I want to show a line graph with rolling std over the sum of values for an interval of dates.

The code for the generation of the crossfilter/reductio object is :

myCrossfilter = crossfilter(data);

function getRunningDates(numDays) {
    return function getDates(d) {
        var s = d.ValueDate;
        var e = new Date(s);
        e.setDate(e.getDate() + numDays);
        a = [];
        while (s < e) {
            a.push(s);
            s = new Date(s.setDate(
                s.getDate() + 1
            ))
        }
        return a;
    }
}

var dim1 = myCrossfilter.dimension(getRunningDates(20), true);
var dim2 = myCrossfilter.dimension(dc.pluck("ValueDate"));
var group1 = dim1.group();
var group2 = dim2.group();
var reducerRolling = reductio()
    .std("value");
reducerRolling(group1);
var reducer = reductio()
    .sum("value")
reducer(group2);

I have put everything into a jsFiddle to show what I mean (unrelated question : I do not understand how the dates on the graphs can go beyond my dateToInit variable defined in the fiddle).

I would like the bottom graph to be a rolling std of the values in the top graphs. What ends up happening is that the std calculation in bottom graph does not do the sum aggregation first (which makes sense I understand that).

Is there a way to use a group as the dimension for another group ? If not, how would one achieve what I am trying to do ?
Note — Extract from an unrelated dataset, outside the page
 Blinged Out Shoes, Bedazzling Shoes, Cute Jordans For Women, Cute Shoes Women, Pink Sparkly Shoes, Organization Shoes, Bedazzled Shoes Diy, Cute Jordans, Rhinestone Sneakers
Nativity answered 11/4, 2018 at 9:16 Comment(7)
So, if I understand correctly, what you're showing is a rolling sum and a rolling standard deviation. You want to show a rolling standard deviation of the sum? The standard deviation of the mean can be derived from the standard deviation of the individual values by just dividing by Math.sqrt(d.count) (the square root of the sample size). I'm not sure about getting to the standard deviation of the sum, but I'm sure it's derivable. It should be proportional to the standard deviation of the mean, I would think.Infinity
My bad I didn't define my first dimension properly. I have updated the fiddle and my question.Nativity
So for date t I want to show the standard deviation of the [t-20,t] interval where the values in the interval are the sums of the values for each day (subject to filtering etc).Nativity
Ah, I see. And it's not taking the sum of squares of the 20 sums but rather of the individual values in each day (across all 20 days). I'll think about this tonight, but it's kind of making my brain hurt :-) No promises, but hopefully we'll work something out.Infinity
Yes so it s basically showing me the standard deviation of Math.random() which is nice I guess but not that useful for my purposes :)Nativity
I've been ignoring this because I don't know the reductio way to do this. But hey, bounty gets my attention! When I hear "group on another group" I think "fake group". This is a lot like accumulate but more complex, since you'd push/pop the data in an array, and then calculate avg/stddev based on the current array. If reductio doesn't have something like this, I'd be happy to try the fake group way.Deflect
I tried the fake group way but got lost on how to account for the array structure. Am happy for you to give it a try. Think it would have some value for everyone if it can easily be generalized to any function.Nativity
N
2

OK so I've come up with a solution based on the 'fake group' approach suggested by Gordon.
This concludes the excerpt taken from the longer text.